Chapter six discusses the subjectivist reaction against the objective, realist perspective, particularly in subjectivist psychologies of associationism, Bergsonism, Freudianism, and beyond, producing literature and art that came to be known as “modernist.” According to Sleigh, the two brothers William (1842-1910) and Henry James (1843-1916) “form a happy pairing of science and literature.” Briefly discussed are William James’ “subjectivity of thought” in The Principles of Psychology (1890) and Henry James’ “The Jolly Corner” (1908), which is an example of “subjectivity without a subject.” Sleigh also includes May Sinclair’s Mary Olivier (1919), which more explicitly than the James’s combined “the relativistic insights of physics and psychology.” Joseph Conrad’s The Secret Agent (1905) is called “novel of modernity,” incorporating the science of thermodynamics, Darwinian and biological degeneration, and the subjectivity of time and space. Finally, and perhaps most interesting, is the subjectivity of William Golding’s 1955 novel The Inheritors, “an astonishing attempt to write a work of literature focalised by a character—whom we are given to understand is a Neanderthal—who barely possesses language.” Golding’s book “tapped into a specific debate of about fifty years’ standing regarding the order of mental and physical evolution.”

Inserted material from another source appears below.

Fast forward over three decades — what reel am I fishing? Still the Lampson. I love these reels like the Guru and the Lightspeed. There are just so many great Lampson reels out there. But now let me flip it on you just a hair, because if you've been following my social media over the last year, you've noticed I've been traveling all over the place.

The final chapter brings us to the twenty-first century. The production of science is now inextricably linked to its consumption. Thomas Kuhn is noted for his “distrust of the big-progress story told by scientists.” The 1960s counterculture movement disputed scientific authority. “[The] promise of happiness, wrapped up in fake scientificity, together with the gabbled list, obligatory under the advertising code, of bizarre and occasionally horrific possible side-effects…undercuts the notion of heroic progress, and offers instead a cynical account of the promises of science in a climate of profit.” A crucial account of scientific hubris is told in Paul Theroux’s The Mosquito Coast (1981), the maverick scientist “Allie Fox is arguably more of a Frankenstein figure than Frankenstein himself.” This theme of uncertainty is also exemplified in Don DeLillo’s White Noise (1984) and Jonathan Franzen’s Strong Motion (1992) and The Corrections (2001), each responding to a number of man-made environmental incidents.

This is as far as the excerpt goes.